» **What the task requires**
Go through the entries below and print, exactly, the lines starting at the one with "Guess Sweaters - Guess" and ending at the one with "DIY miniature Scene", keeping both ends and no others.

(Records provided Opens)

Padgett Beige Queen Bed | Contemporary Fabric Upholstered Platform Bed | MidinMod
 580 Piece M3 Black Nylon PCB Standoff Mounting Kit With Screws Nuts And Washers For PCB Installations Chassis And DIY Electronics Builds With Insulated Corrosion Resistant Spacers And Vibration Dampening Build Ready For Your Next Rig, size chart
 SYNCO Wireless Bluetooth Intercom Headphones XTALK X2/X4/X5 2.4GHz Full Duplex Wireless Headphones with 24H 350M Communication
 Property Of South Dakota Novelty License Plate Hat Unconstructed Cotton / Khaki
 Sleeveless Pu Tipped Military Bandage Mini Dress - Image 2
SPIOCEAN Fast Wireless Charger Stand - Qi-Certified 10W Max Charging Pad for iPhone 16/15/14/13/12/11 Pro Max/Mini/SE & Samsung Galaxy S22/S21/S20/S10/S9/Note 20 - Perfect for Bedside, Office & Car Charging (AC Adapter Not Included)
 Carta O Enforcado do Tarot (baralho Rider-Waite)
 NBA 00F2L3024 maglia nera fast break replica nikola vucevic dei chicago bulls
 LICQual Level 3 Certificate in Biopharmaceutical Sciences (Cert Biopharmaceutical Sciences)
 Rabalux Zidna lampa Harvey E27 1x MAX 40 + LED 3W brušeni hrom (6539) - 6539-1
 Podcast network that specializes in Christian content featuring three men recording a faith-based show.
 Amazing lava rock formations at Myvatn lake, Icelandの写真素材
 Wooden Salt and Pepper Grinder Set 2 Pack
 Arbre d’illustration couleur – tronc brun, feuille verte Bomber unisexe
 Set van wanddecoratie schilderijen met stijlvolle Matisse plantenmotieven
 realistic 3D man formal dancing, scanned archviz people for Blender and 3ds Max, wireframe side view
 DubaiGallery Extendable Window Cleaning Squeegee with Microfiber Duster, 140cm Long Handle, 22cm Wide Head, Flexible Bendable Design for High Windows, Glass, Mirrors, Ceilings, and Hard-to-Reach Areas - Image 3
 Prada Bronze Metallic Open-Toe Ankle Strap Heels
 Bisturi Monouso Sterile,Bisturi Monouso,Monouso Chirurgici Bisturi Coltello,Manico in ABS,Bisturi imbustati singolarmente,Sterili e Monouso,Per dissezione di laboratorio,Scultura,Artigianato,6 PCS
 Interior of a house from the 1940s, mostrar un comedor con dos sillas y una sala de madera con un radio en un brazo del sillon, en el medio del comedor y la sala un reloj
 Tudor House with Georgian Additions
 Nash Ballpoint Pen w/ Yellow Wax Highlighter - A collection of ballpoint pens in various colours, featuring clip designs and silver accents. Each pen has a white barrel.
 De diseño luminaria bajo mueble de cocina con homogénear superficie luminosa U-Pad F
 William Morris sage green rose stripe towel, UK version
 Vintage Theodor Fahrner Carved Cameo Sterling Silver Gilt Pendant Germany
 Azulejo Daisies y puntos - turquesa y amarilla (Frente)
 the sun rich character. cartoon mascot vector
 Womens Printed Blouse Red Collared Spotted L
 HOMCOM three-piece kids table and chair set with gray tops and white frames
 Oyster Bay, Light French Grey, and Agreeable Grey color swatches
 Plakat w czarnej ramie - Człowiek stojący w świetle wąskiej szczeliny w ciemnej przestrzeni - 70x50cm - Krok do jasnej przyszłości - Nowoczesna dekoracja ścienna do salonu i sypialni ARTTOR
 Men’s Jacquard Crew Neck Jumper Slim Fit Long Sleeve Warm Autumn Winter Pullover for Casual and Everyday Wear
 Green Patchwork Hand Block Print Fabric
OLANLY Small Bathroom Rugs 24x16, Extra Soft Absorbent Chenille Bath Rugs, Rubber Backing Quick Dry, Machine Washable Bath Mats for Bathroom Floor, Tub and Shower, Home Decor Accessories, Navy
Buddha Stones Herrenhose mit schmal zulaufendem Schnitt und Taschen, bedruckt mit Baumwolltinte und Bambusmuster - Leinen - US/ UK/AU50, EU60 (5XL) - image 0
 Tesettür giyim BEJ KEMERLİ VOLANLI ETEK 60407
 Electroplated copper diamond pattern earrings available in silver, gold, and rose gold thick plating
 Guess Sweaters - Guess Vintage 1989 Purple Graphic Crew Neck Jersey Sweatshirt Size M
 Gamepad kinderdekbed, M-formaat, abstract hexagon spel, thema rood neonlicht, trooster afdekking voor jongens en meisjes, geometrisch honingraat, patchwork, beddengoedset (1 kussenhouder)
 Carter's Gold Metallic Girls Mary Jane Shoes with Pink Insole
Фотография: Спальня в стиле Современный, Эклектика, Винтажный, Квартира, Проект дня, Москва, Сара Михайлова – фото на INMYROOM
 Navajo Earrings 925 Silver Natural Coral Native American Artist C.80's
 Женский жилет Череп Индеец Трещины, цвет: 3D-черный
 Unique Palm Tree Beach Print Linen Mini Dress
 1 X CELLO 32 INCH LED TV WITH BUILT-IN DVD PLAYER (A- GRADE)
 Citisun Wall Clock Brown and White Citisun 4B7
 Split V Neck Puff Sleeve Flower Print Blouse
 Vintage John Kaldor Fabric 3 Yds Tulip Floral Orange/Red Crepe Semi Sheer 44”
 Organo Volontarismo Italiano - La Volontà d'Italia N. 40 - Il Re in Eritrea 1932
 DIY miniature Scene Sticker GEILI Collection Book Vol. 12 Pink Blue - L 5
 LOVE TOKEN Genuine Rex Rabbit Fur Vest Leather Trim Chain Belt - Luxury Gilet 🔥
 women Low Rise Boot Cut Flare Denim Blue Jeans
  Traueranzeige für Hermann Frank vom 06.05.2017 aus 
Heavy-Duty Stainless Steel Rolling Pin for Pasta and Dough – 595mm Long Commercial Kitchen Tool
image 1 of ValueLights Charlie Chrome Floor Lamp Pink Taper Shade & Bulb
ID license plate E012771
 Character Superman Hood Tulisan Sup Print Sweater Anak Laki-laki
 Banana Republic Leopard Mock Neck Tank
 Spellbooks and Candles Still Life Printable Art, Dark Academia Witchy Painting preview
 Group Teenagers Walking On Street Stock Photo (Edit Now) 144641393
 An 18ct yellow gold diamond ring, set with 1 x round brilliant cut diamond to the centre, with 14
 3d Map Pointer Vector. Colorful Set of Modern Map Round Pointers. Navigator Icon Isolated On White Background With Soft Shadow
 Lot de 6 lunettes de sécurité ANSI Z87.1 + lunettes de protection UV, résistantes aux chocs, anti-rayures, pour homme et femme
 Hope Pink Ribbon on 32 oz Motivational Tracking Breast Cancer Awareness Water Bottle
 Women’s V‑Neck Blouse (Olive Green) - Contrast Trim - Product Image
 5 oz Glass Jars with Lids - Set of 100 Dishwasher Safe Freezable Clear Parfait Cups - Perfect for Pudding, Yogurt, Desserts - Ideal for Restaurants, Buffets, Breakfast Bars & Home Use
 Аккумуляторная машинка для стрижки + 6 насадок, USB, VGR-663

(Records provided Closes)

» **Solution for this problem**
 Guess Sweaters - Guess Vintage 1989 Purple Graphic Crew Neck Jersey Sweatshirt Size M
 Gamepad kinderdekbed, M-formaat, abstract hexagon spel, thema rood neonlicht, trooster afdekking voor jongens en meisjes, geometrisch honingraat, patchwork, beddengoedset (1 kussenhouder)
 Carter's Gold Metallic Girls Mary Jane Shoes with Pink Insole
Фотография: Спальня в стиле Современный, Эклектика, Винтажный, Квартира, Проект дня, Москва, Сара Михайлова – фото на INMYROOM
 Navajo Earrings 925 Silver Natural Coral Native American Artist C.80's
 Женский жилет Череп Индеец Трещины, цвет: 3D-черный
 Unique Palm Tree Beach Print Linen Mini Dress
 1 X CELLO 32 INCH LED TV WITH BUILT-IN DVD PLAYER (A- GRADE)
 Citisun Wall Clock Brown and White Citisun 4B7
 Split V Neck Puff Sleeve Flower Print Blouse
 Vintage John Kaldor Fabric 3 Yds Tulip Floral Orange/Red Crepe Semi Sheer 44”
 Organo Volontarismo Italiano - La Volontà d'Italia N. 40 - Il Re in Eritrea 1932
 DIY miniature Scene Sticker GEILI Collection Book Vol. 12 Pink Blue - L 5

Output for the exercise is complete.